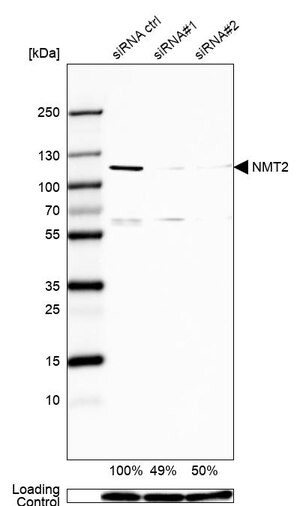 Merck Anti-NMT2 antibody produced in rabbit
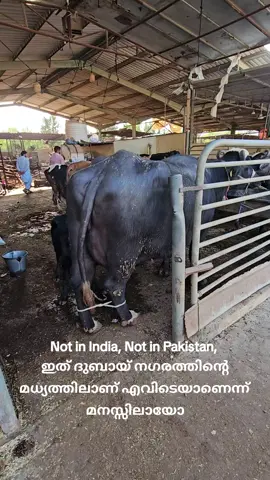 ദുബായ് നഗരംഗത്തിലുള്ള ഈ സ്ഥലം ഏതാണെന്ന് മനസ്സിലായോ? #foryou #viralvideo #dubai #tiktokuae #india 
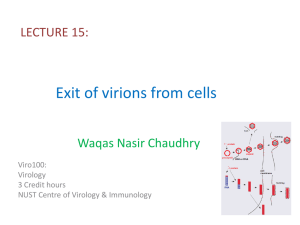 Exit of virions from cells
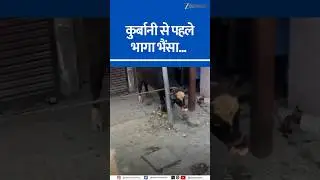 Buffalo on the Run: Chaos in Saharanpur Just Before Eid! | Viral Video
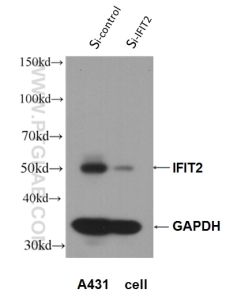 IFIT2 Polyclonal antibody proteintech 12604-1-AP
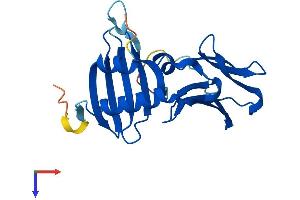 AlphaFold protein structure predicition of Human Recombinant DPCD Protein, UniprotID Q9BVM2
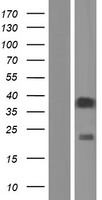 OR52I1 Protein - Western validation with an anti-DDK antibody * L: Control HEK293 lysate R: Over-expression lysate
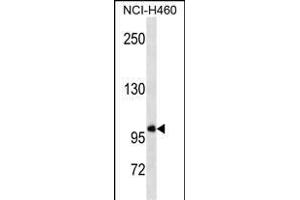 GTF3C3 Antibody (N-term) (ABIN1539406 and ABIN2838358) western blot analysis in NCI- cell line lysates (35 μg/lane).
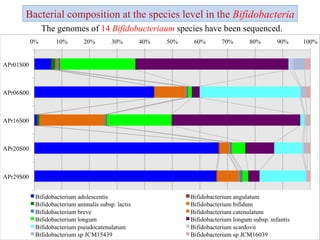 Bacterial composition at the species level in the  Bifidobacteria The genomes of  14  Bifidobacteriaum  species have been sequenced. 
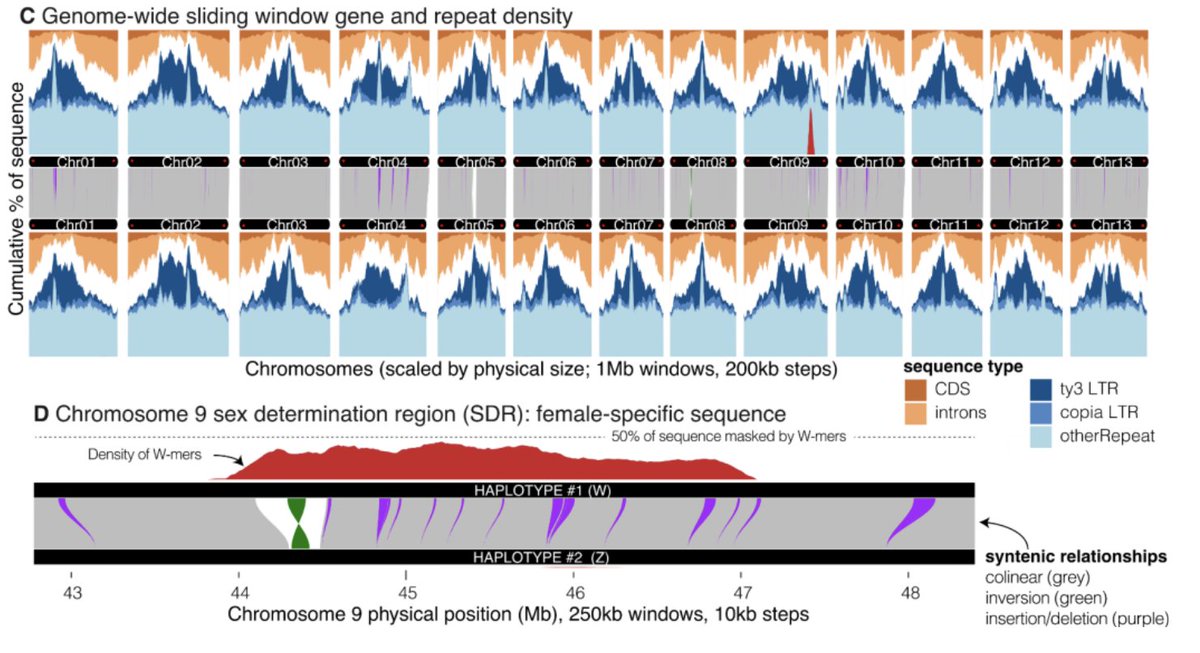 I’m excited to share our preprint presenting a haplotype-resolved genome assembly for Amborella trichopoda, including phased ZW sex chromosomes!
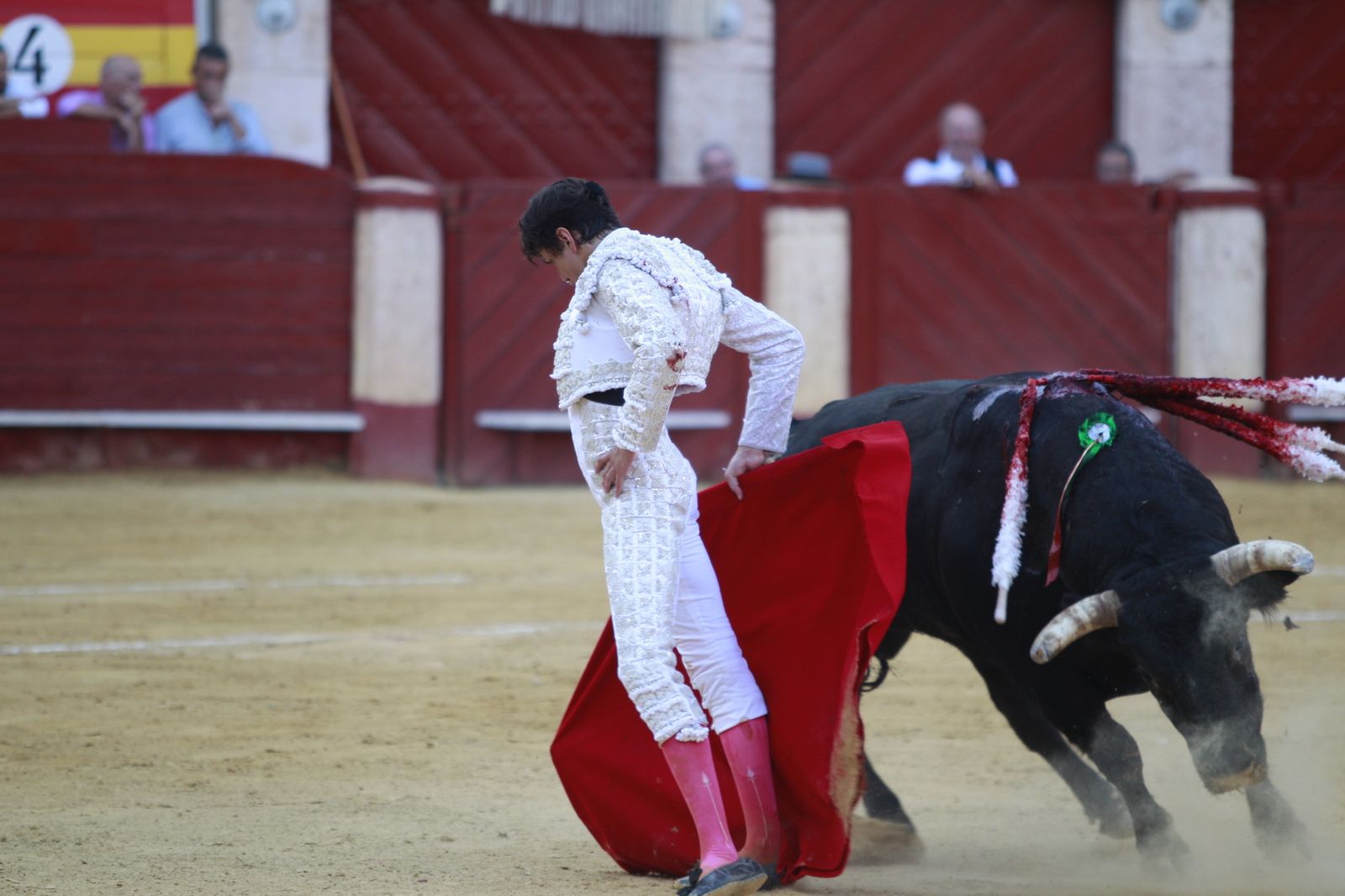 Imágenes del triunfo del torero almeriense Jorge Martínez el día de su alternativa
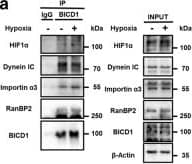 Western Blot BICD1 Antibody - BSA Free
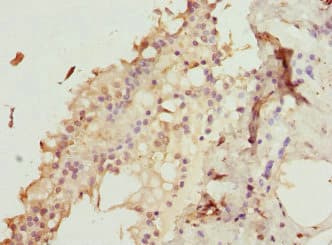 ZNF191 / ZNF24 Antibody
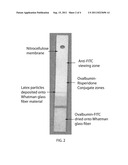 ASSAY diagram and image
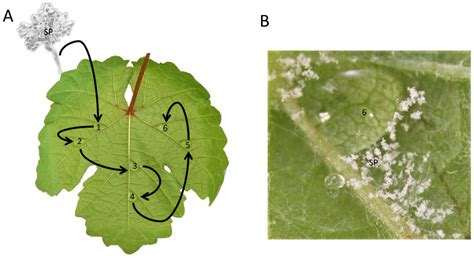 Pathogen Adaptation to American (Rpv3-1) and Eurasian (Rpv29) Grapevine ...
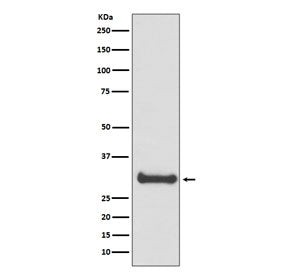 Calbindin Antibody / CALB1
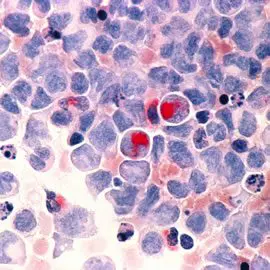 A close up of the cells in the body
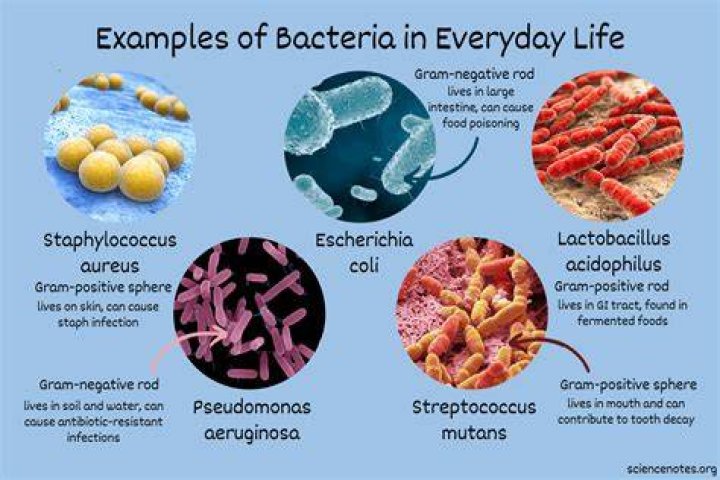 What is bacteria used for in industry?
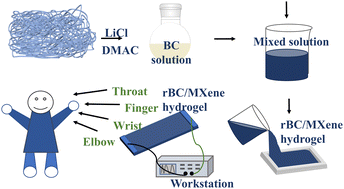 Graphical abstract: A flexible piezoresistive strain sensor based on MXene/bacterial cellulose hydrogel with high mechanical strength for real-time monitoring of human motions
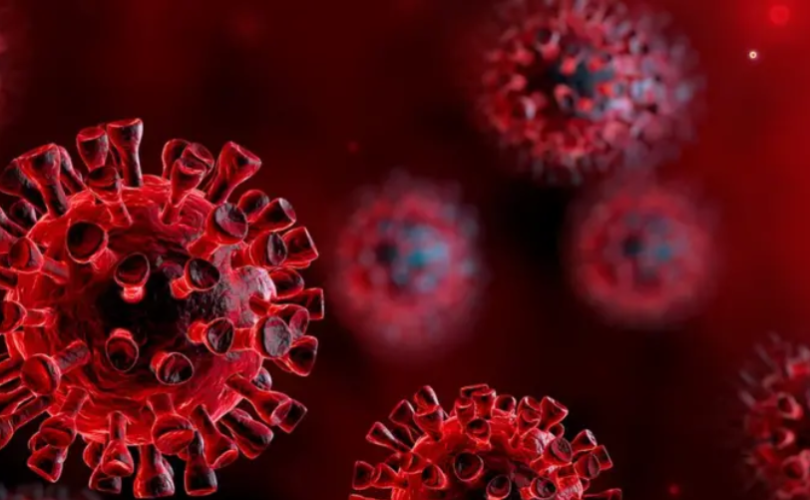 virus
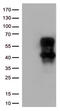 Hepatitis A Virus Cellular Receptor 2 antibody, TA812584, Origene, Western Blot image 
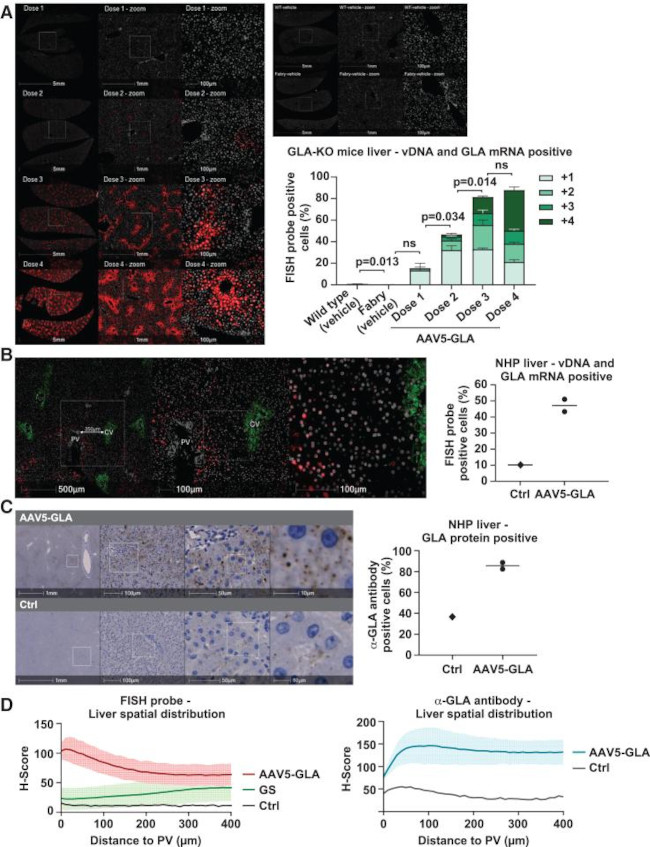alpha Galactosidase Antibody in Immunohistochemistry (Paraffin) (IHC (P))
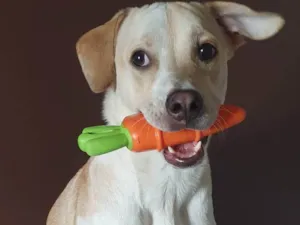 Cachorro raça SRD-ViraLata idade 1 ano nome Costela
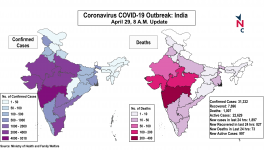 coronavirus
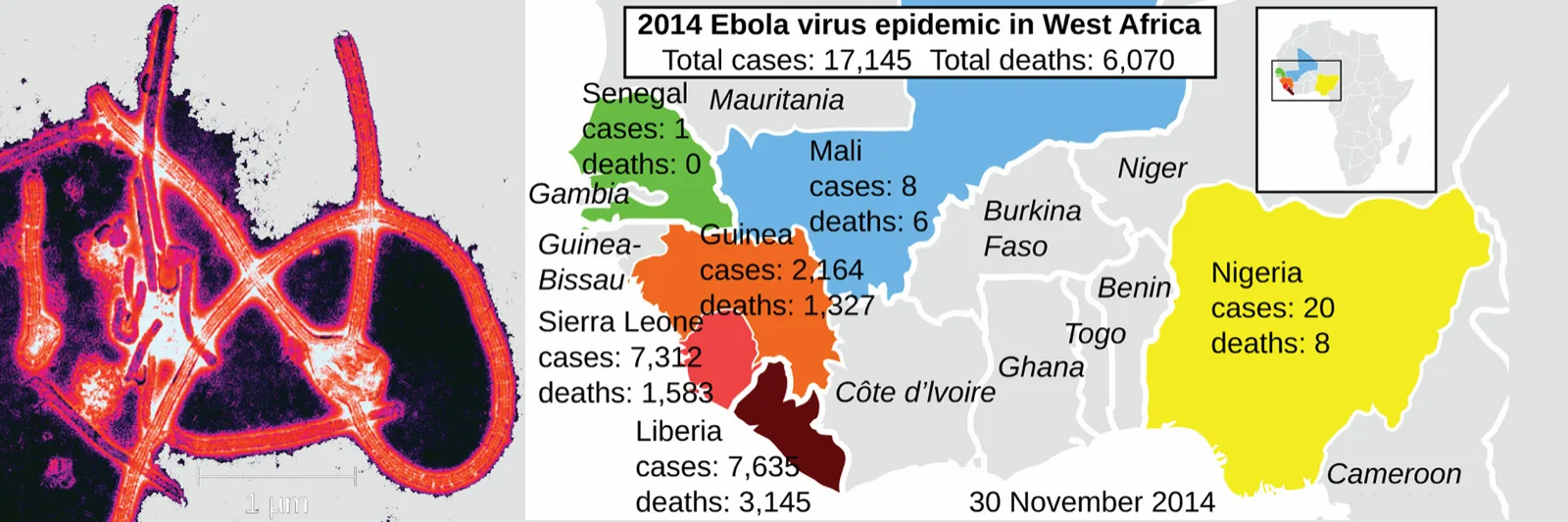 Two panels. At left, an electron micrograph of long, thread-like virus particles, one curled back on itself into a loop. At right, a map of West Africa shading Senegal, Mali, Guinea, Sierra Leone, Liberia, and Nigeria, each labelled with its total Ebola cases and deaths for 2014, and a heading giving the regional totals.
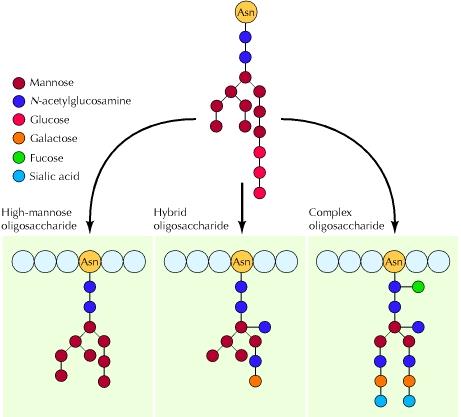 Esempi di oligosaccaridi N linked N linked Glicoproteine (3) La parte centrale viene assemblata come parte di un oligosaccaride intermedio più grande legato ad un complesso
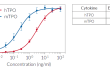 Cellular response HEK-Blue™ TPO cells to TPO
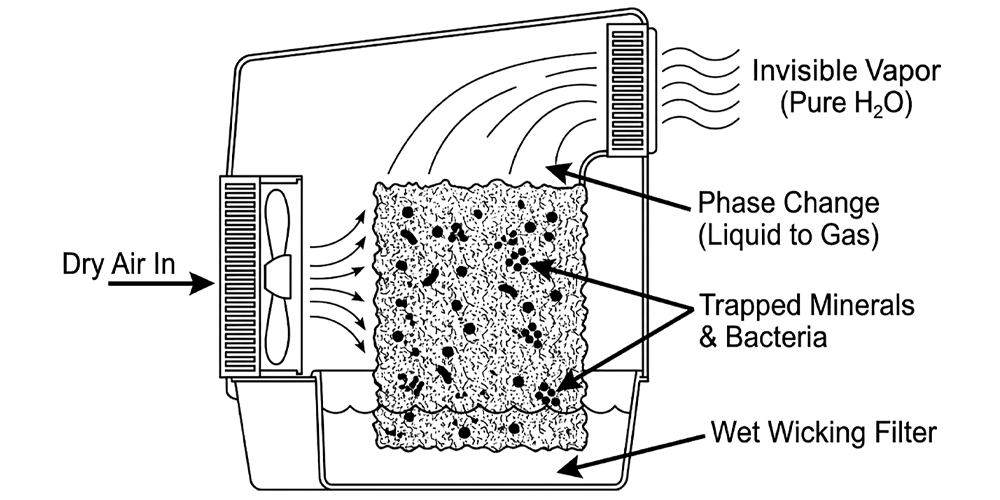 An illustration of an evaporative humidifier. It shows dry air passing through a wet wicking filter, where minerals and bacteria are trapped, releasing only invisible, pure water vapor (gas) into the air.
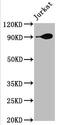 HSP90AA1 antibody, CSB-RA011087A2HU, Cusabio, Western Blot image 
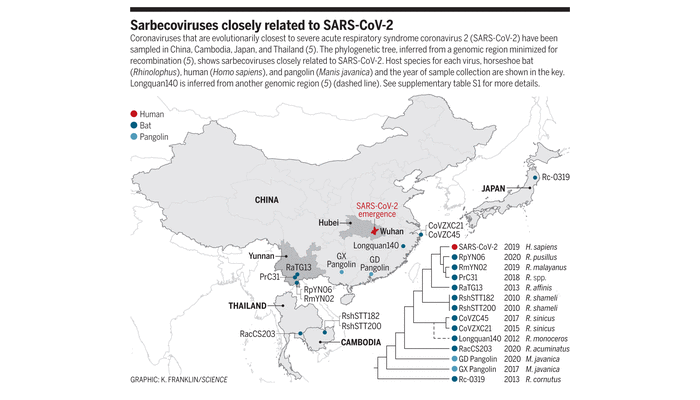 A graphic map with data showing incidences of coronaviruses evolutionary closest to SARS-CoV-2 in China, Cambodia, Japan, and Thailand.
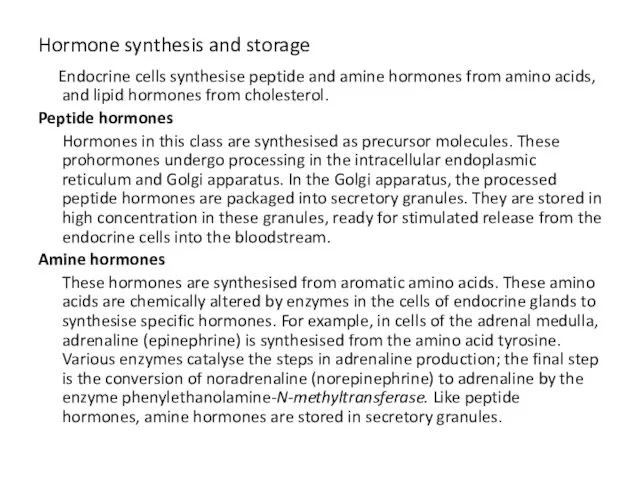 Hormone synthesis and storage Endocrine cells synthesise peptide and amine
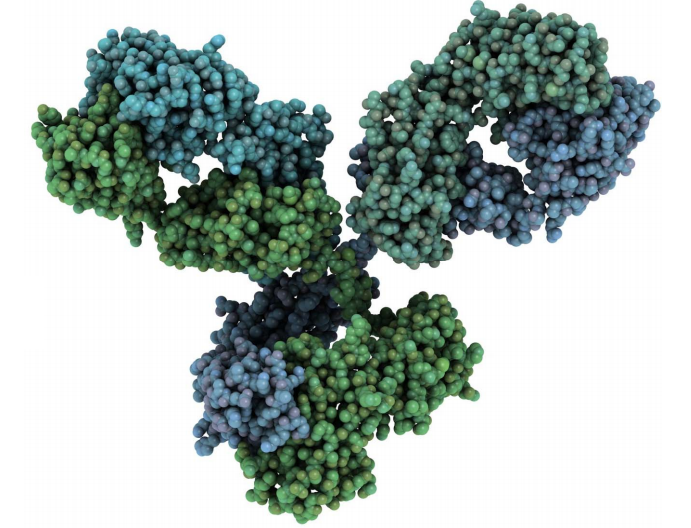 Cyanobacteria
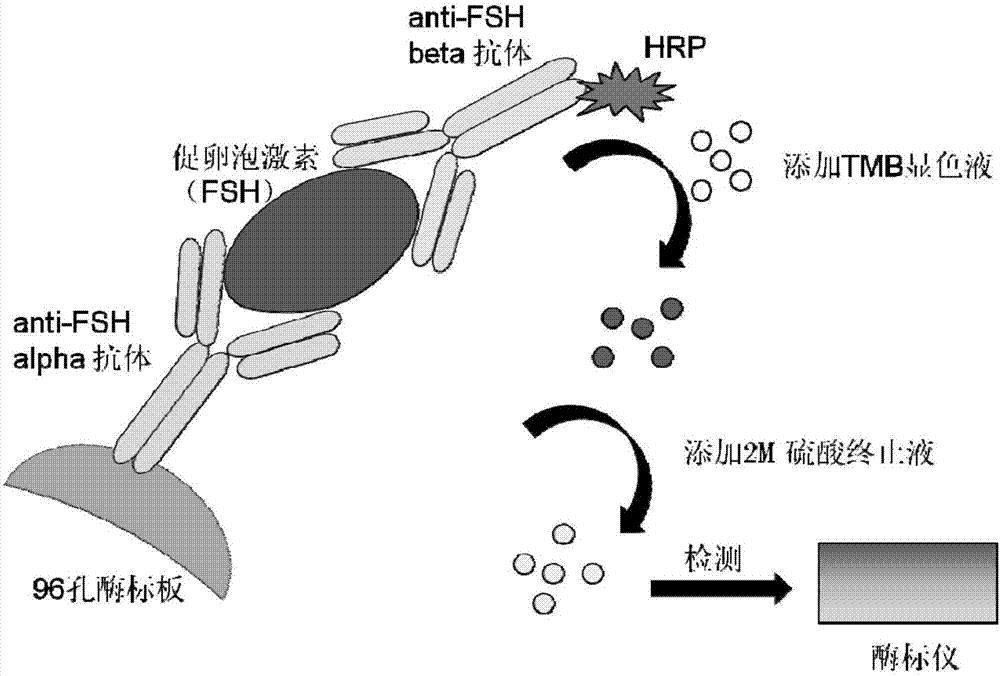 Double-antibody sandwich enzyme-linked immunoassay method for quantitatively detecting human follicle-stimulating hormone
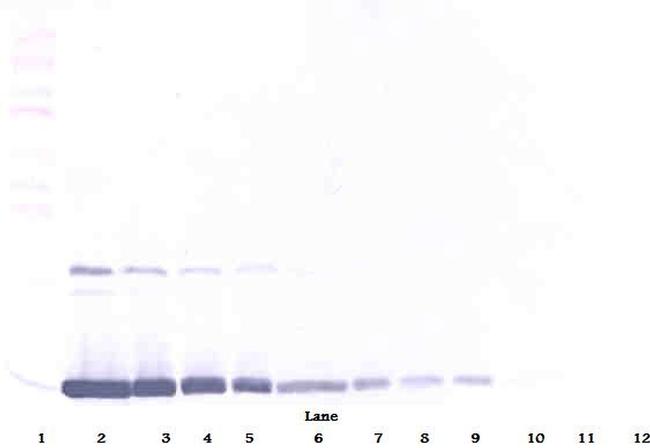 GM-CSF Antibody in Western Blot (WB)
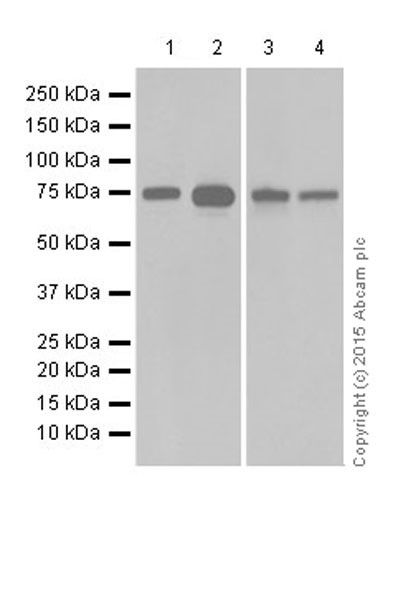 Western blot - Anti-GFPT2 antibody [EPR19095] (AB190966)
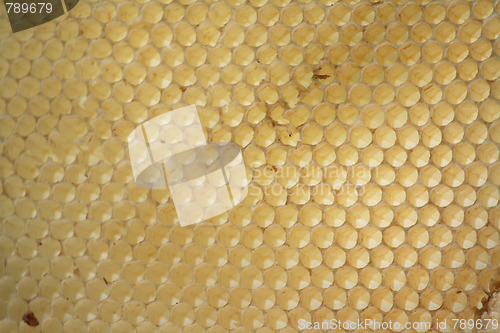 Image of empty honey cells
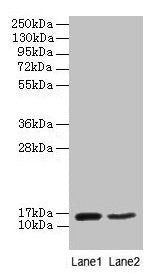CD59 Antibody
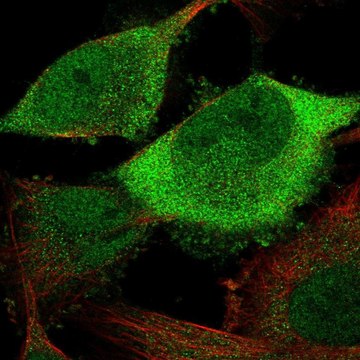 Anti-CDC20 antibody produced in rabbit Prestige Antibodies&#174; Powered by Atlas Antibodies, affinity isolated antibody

______________________________

The task:
Taking the records above, print only and exactly the lines from the line with "AlphaFold protein structure" to the line with "Bacterial composition at", both kept, and exclude pictures.

Written answer:
 AlphaFold protein structure predicition of Human Recombinant DPCD Protein, UniprotID Q9BVM2
 OR52I1 Protein - Western validation with an anti-DDK antibody * L: Control HEK293 lysate R: Over-expression lysate
 GTF3C3 Antibody (N-term) (ABIN1539406 and ABIN2838358) western blot analysis in NCI- cell line lysates (35 μg/lane).
 Bacterial composition at the species level in the  Bifidobacteria The genomes of  14  Bifidobacteriaum  species have been sequenced. 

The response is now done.